Two Japanese heavy hitters, Mazda and Nissan, have both confirmed reductions to annual targets due to supply shortages and global inflation.
Mazda Motor Corp executives have confirmed that it will be dropping its financial year international sales target by 133,000 vehicles, or approximately 10%.
The brand says that this change is a result of the semiconductor shortage, as well as a shortage of carrier vessels.
It’s not all doom and gloom for the marque. It has also raised its operating profit outlook by 17% to 140b yen, thanks in part to the weak value of the yen.

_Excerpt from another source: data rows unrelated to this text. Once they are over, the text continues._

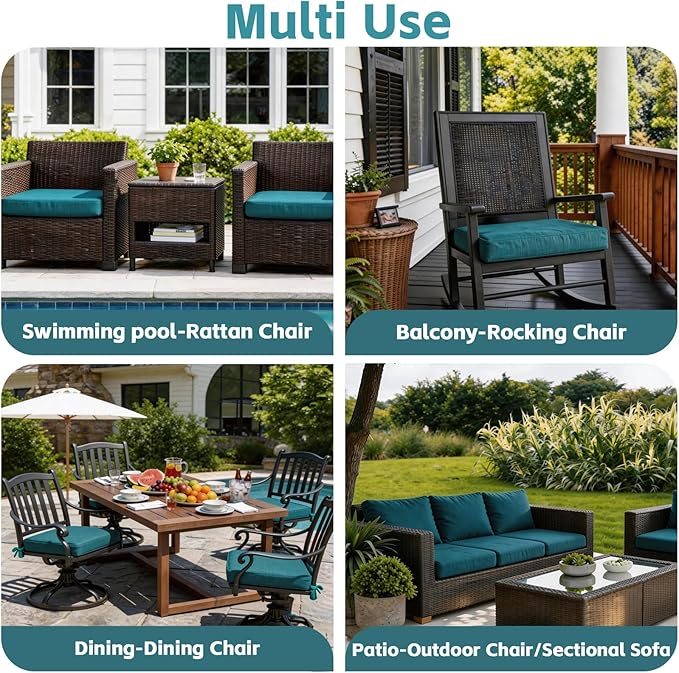 COZYVIDA Outdoor Chair Cushions Set of 4, 20"x20" Square Seat Pads with Tie Straps and YKK Zippers, 30D High-Density Foam, Water-Resistant Fabric,UV-Resistant 1000+ Hrs,Malachite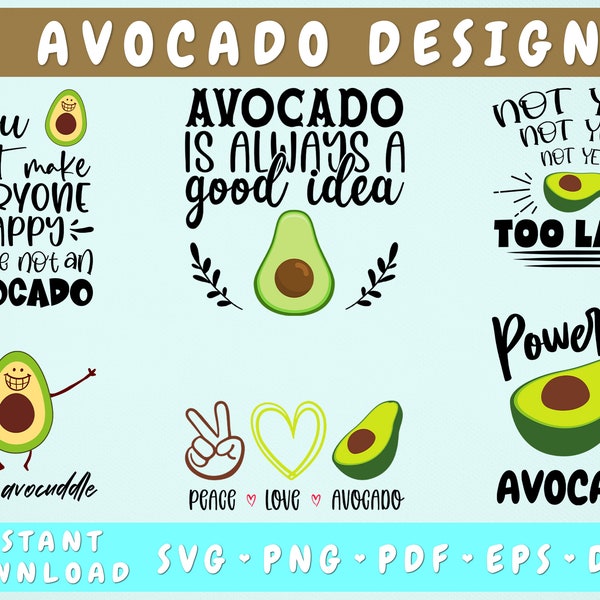 Avocado Quotes Svg Bundle, 6 Designs, Avocado Sayings Svg Cut Files, Avocado Is Always A Good Idea SVG, Let's Avocuddle Svg, Funny Avocado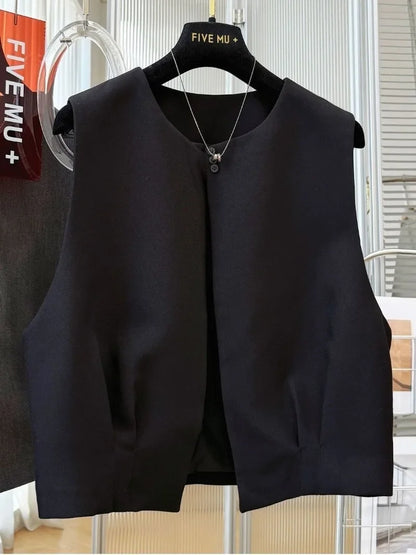 Women Blazer Vest New Spring Summer O-Neck Lined Coat Cardigan Sleeveless Jacket Casual Solid Short Suits Waistcoat Tank Tops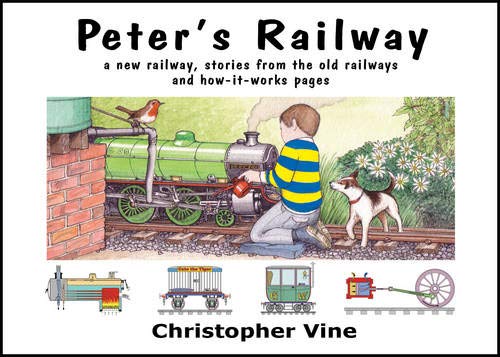 Book cover: boy, dog, and steam train with robin, illustrated style.
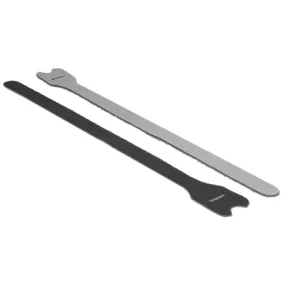   Delock Hurkolható rögzítok, 300 mm x 12 mm (H x Sz), 10 darab, fekete (DL-18688)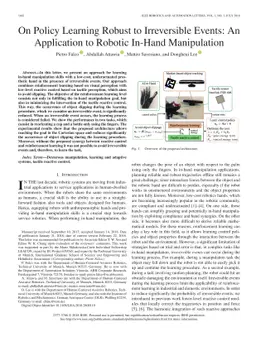 On Policy Learning Robust to Irreversible Events: An Application to
  Robotic In-Hand Manipulation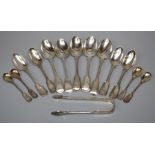 A composite but matching part set of five Victorian silver, "fiddle & thread" desert spoons and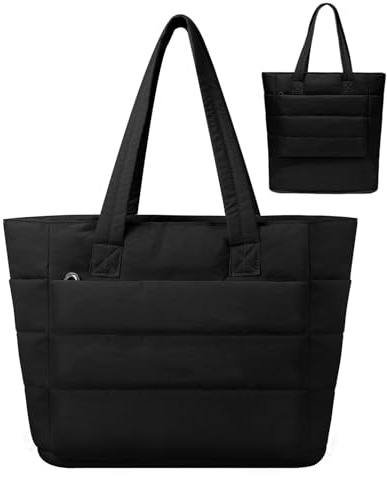 Outplea Borsa a tracolla espandibile con cerniera per donne, leggera borsa da lavoro per laptop da 15,6 pollici, grande borsa da viaggio, nero, Taglia unica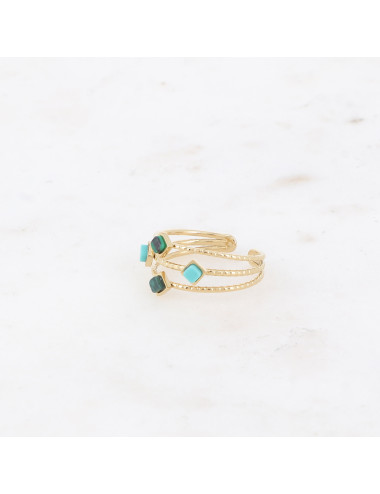 Bague dorée 3 rangs avec pierres naturelles vertes boutiqueholala.com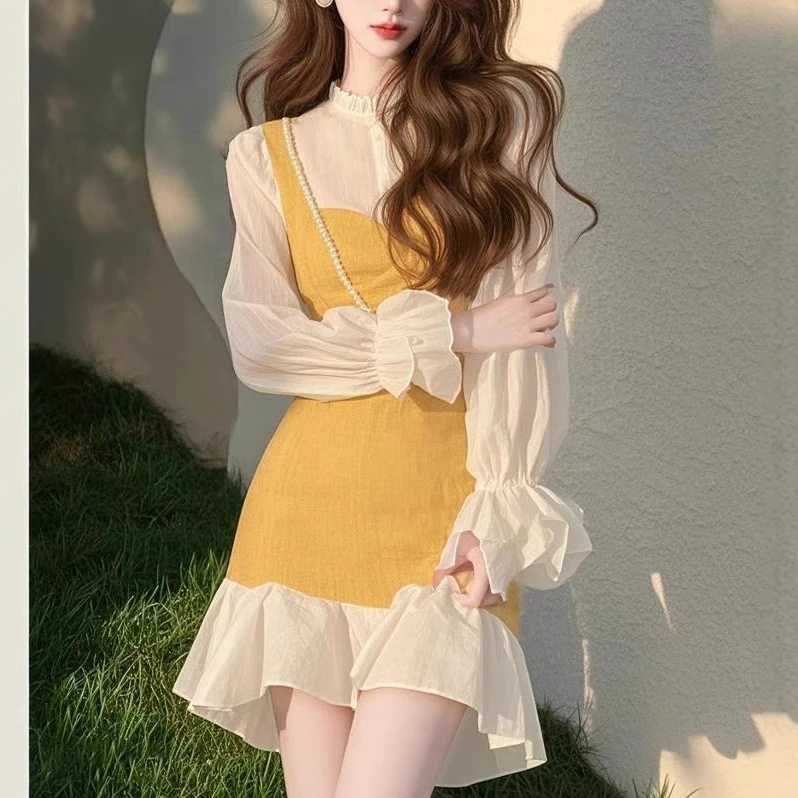 法式掐腰千金高级感气质减龄显瘦黄色假两件连衣裙女装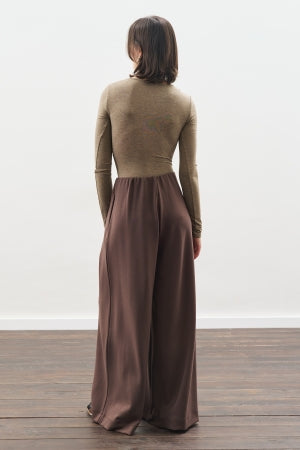 Soft Modal Wide Leg Trousers Brown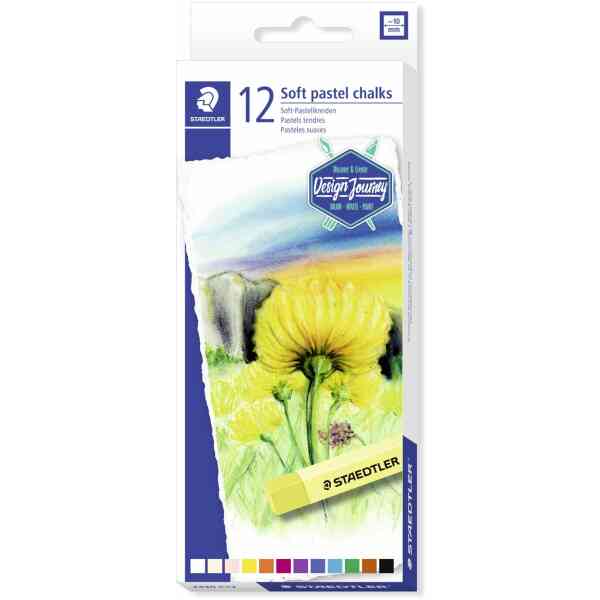 Staedtler® 2430 - Cardboard box containing 12 soft pastel chalks in assorted colours
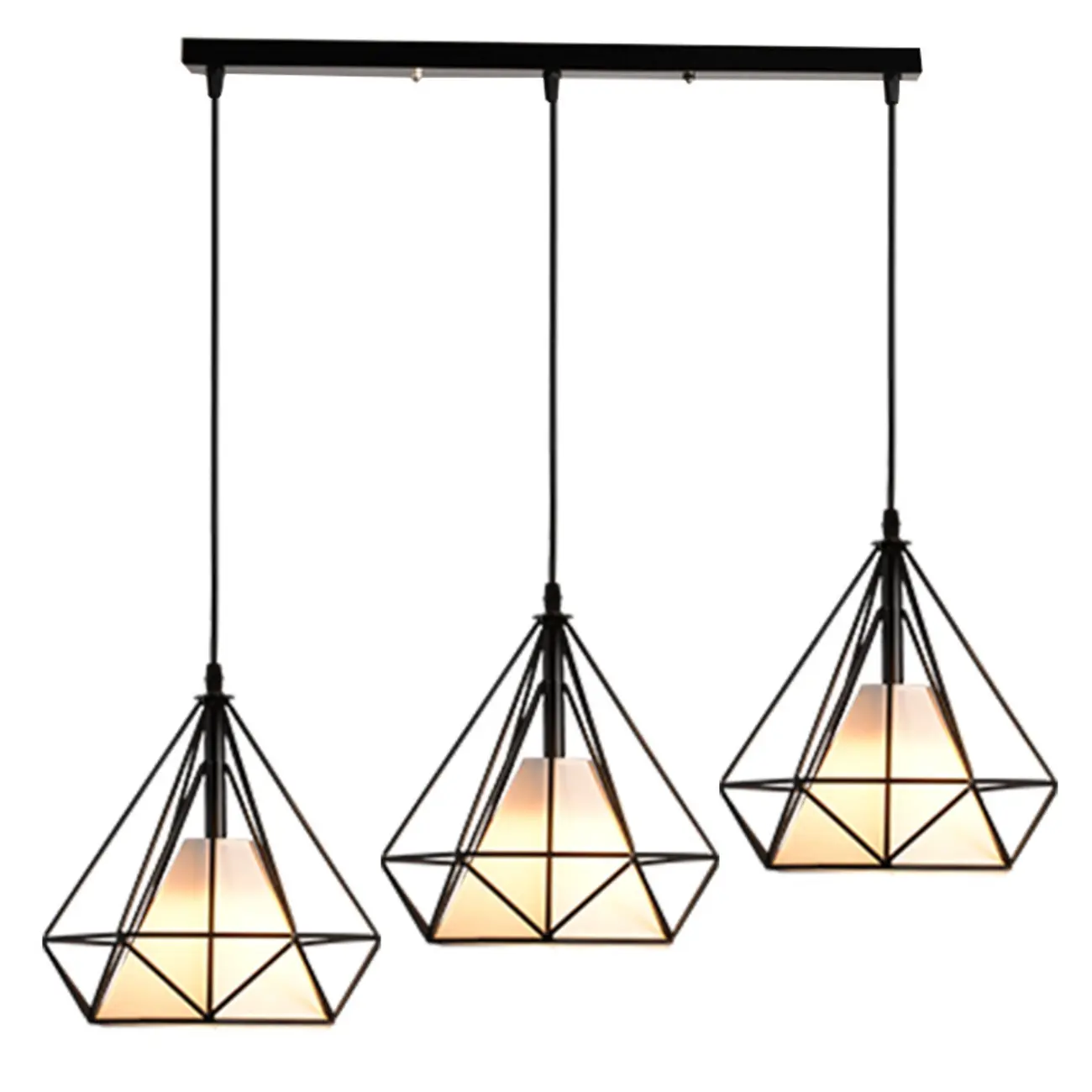 3-Light Geometric Metal Black Islands Pendant Light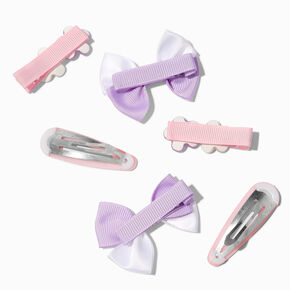 Claire&#39;s Club Pink &amp; Purple Mixed Snap Hair Clips - 6 Pack,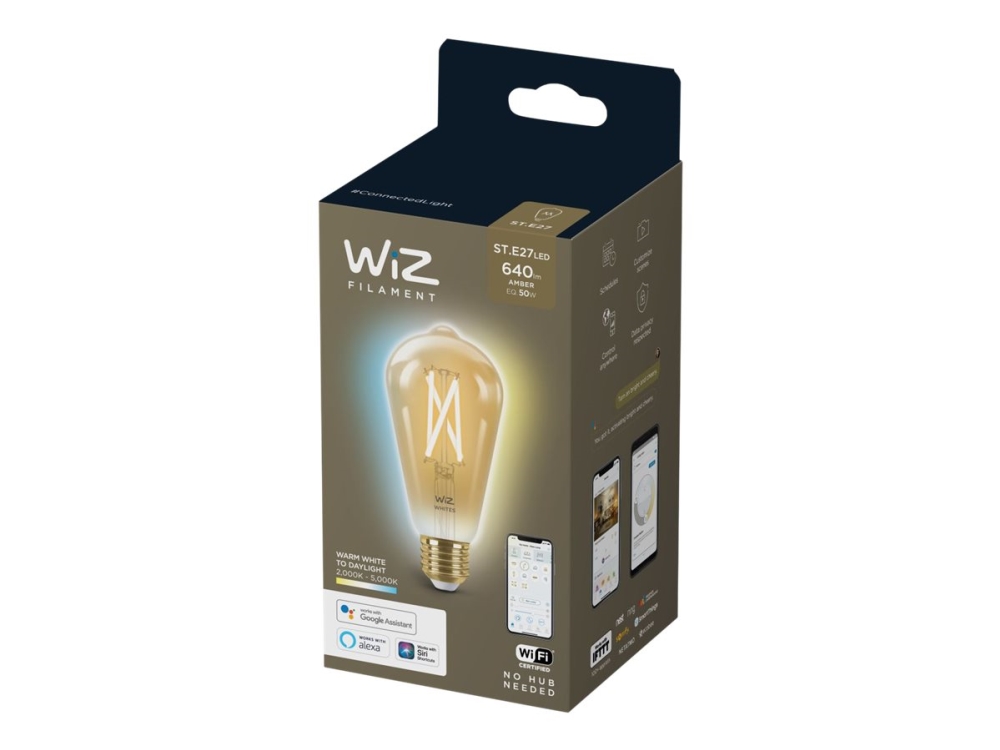 WiZ Whites - LED-glödlampa med filament - form: ST64 - E27 - 6.7 W (motsvarande 50 W) - klass A+ - varmvitt till dagsljus - 2000-5000 K - bärnsten | Smarta hem - Smart belysning - E27 Smarta Lampor | GameStuff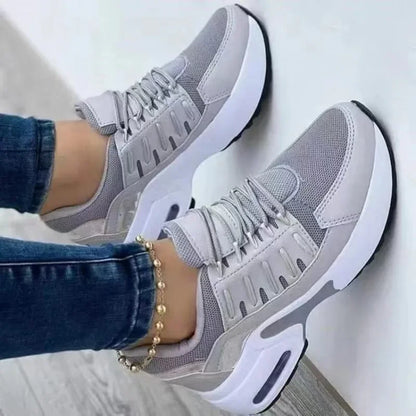 RanLinli™ Mixed-Color Canvas Sneakers – Lace-Up Casual Flats for Women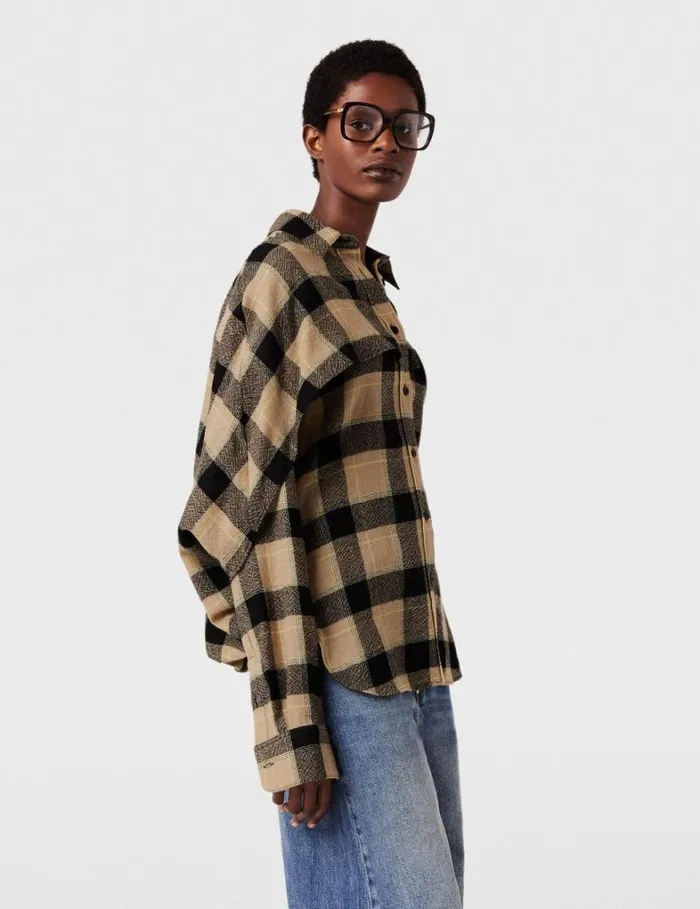 Women Stella McCartney Shirts And Tops Layered Check Shirt Beige And Black Women Stella McCartney Shirts And Tops Layered Check Shirt Beige And Black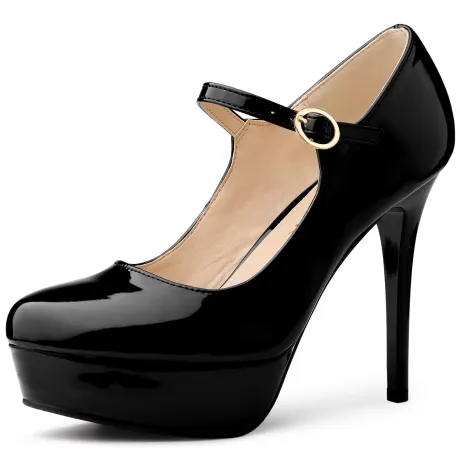 Allegra K - Platform Ankle Strap Stiletto High Heel Pump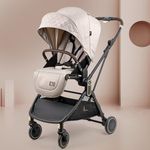 R for Rabbit Street Smart Regal Auto Fold Stylish Newborn Baby Stroller| Steel Frame Pram One Click Fold with Two-Way Reversible Seat, Travel Friendly Cabin Trolley Stroller for 0-3 Years Kids (Beige)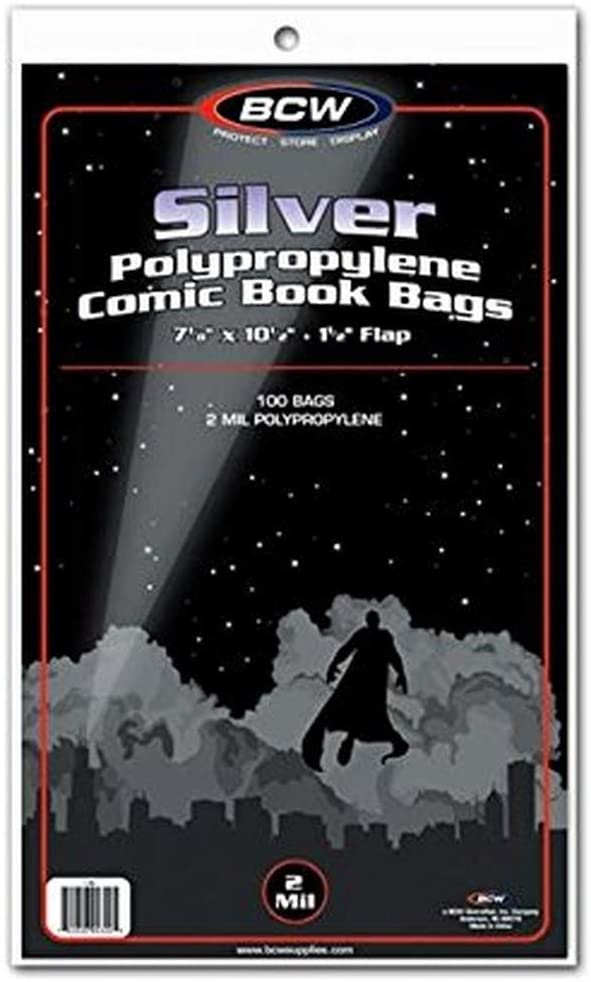 Gemini Premium Comic Book Bags And Boards | Silver Size (7 1/8" X 10 1/2" Bags, 7" X 10 1/2" Boards) | 2-mil Polypropylene Bags, 24-pt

Mazda senior managing executive Yasuhiro Aoyama has pointed to the United States as a particularly pivotal market, explaining that a drop-off in its economy is expected later in the year.
“As for the U.S. market from next spring onward, we believe that the economy will gradually slow down,” said Aoyama, Reuters reports.
“As the tight semiconductor market is still continuing, the supply-demand relationship is not likely to loosen so easily.”
At Nissan, meanwhile, it’s production numbers that have been slashed this week.
The production drop focuses on the brand’s American operations and subsequently on American models like the Altima, Titan, and Frontier.
In a memo reportedly issued to Nissan dealers in the US, and published by Reuters, the brand says the production cuts are “due to supply chain disruptions related to ongoing semiconductor chip shortages in the industry”.
The brand adds that “total shipments to retailers are still forecasted to be up quarter over quarter” and “the long-awaited start of sales for the next generation of Nissan EVs will begin before the end of the calendar year”.